John R. Bell: Chief Steward of the Battleship MAINE
An article in last February’s Out of the Attic series of the Alexandria Times intrigued me as the history was Naval and within my Old Town neighborhood. The topic was John R. Bell: Chief Steward of the Battleship MAINE. It’s an appropriate topic for Black History Month 2023. This February 15th 2023 is also the 125th anniversary of the MAINE disaster. The article is a short easy read on page 21 of 24 here.
Bell’s boyhood home “which stood back from the street on the north side of Wolfe Street, between Fairfax and Lee.” is easily discoverable today as 215 Wolfe Street. The home is pictured here and it’s nice to see the current private owner fly the stars and stripes.
By 1910, Congress had appropriated money to raise the MAINE, recover the dead for burial at Arlington National Cemetery, and ensure the Ship’s mast was recovered in order to erect a memorial at Arlington. When Bell’s watch was found during the 1912 salvage operation in Havana, his remains were most assuredly one of the 75 dead recovered. These 75 joined 185 of their shipmates in Section 24 of Arlington.
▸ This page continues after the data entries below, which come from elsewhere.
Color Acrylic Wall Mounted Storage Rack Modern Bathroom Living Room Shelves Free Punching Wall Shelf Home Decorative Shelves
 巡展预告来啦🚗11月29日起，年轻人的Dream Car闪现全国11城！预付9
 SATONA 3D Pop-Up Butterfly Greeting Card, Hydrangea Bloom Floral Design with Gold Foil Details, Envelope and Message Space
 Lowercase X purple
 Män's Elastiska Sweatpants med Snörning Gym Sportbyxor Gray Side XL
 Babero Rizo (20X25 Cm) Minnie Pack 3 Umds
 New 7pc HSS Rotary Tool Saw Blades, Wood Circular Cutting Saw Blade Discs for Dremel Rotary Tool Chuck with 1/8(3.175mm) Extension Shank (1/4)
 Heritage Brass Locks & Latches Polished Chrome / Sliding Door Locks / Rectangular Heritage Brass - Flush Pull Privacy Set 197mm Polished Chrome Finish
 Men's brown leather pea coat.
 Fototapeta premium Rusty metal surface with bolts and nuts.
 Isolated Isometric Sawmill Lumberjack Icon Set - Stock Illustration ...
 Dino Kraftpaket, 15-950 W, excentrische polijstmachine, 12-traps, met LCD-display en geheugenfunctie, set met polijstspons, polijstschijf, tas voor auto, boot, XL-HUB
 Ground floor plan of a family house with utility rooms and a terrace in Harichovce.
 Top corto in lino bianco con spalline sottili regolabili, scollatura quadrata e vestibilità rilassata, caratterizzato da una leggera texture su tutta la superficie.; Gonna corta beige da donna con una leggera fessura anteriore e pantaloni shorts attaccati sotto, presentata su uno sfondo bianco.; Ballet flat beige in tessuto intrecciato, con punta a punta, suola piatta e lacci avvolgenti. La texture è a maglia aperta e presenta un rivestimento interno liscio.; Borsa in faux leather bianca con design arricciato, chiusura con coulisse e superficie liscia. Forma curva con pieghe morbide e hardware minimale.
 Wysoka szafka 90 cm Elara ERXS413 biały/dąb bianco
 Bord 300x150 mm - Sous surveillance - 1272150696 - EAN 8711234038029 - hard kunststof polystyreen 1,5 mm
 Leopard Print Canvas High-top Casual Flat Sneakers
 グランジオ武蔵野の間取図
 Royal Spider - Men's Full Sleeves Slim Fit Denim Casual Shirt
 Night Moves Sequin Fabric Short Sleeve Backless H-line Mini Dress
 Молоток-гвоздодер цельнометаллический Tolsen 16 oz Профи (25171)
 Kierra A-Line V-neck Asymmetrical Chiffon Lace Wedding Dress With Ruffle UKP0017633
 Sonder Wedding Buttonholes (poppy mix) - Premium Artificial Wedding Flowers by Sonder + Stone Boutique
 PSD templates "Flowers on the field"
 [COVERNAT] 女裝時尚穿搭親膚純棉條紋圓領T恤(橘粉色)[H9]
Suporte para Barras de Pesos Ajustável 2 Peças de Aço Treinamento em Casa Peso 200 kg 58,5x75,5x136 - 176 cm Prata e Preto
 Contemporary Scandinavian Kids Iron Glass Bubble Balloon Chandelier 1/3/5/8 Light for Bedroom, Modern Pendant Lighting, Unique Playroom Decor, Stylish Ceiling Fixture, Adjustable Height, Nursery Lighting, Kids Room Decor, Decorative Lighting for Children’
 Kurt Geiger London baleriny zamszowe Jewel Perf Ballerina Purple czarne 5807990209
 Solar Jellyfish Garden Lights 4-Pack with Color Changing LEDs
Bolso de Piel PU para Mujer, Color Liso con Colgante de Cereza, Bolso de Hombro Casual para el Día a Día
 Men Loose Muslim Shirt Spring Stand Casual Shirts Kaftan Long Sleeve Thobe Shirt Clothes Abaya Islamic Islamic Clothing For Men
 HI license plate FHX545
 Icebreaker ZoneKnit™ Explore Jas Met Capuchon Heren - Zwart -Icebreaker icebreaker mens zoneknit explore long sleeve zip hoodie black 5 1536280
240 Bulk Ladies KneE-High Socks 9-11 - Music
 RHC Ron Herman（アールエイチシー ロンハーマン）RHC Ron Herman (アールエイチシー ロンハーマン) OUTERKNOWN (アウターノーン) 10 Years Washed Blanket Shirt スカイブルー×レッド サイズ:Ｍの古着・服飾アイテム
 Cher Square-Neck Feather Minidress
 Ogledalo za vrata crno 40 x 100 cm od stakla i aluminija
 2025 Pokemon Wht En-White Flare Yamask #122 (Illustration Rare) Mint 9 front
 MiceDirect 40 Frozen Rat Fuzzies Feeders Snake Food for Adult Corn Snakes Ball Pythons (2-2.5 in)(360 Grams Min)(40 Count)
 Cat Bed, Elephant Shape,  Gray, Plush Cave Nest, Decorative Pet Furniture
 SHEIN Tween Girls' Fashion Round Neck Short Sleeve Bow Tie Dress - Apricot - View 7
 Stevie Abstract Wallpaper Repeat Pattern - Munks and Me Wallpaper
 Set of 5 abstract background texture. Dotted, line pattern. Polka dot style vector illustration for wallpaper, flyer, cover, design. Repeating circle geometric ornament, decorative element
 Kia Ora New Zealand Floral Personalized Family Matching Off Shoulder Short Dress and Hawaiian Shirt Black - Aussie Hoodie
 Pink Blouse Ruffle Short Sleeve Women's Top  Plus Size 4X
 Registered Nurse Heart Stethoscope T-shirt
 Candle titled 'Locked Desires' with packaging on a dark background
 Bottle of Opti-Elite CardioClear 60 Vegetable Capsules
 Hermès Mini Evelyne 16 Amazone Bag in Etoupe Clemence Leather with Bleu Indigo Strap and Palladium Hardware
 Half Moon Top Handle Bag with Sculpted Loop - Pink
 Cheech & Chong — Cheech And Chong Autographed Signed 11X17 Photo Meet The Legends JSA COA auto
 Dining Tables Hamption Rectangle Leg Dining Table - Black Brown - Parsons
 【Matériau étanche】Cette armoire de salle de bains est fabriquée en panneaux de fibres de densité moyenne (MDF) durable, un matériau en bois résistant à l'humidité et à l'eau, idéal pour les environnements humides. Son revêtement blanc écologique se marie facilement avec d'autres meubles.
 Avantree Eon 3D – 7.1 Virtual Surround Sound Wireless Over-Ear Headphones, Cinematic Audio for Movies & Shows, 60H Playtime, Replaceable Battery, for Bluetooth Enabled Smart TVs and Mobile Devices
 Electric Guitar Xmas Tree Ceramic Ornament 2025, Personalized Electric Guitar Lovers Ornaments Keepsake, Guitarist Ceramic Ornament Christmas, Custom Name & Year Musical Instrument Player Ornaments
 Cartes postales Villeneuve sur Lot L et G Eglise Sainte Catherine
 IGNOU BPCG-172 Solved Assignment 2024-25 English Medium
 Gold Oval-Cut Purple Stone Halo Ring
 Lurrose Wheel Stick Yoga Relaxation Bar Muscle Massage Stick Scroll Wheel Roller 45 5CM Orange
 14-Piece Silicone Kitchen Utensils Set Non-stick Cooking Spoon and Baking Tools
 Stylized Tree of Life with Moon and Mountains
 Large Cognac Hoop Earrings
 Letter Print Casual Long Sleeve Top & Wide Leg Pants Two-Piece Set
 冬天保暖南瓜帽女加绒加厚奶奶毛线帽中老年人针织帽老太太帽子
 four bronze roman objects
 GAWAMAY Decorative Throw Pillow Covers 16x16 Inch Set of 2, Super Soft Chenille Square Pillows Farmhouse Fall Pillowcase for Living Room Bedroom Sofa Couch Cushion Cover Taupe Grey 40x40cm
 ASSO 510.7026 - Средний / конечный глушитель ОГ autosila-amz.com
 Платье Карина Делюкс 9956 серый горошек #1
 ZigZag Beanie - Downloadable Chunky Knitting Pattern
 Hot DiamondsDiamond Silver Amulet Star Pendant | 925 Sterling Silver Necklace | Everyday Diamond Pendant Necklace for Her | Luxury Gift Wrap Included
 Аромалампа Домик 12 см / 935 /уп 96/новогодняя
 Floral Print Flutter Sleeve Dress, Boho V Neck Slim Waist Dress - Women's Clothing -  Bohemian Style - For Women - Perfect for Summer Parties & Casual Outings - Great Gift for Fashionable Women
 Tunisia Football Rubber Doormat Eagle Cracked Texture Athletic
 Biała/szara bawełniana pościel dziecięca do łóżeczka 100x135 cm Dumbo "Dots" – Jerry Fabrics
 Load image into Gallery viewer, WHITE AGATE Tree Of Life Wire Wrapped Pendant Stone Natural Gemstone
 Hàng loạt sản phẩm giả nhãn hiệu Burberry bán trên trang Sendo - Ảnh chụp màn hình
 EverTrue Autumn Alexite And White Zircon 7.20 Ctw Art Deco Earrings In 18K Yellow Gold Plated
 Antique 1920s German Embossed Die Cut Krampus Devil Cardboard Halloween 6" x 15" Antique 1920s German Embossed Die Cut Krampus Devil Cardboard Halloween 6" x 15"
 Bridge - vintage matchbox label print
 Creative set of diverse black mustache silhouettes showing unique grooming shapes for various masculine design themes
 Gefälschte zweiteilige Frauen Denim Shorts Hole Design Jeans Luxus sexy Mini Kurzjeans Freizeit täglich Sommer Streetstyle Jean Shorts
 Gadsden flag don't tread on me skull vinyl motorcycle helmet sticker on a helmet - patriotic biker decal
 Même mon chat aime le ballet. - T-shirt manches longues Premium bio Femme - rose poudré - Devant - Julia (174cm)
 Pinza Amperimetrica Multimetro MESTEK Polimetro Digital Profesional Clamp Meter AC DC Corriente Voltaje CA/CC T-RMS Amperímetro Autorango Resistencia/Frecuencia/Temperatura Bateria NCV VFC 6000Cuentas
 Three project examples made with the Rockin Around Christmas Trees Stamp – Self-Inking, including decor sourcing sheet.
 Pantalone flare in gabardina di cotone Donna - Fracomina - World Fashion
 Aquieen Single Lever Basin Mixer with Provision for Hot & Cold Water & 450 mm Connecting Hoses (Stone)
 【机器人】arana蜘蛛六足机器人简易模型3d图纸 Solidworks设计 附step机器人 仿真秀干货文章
To this day, Section 24 is the only burial section at the cemetery that is reserved for the dead from one particular historic event, in this case, the sinking of the MAINE.
John R. Bell has no grave marker in his name in Section 24 so he is likely buried as one of the scores of unknown Marines and Sailors there. His name is inscribed on the memorial very near to its ceremonial entrance.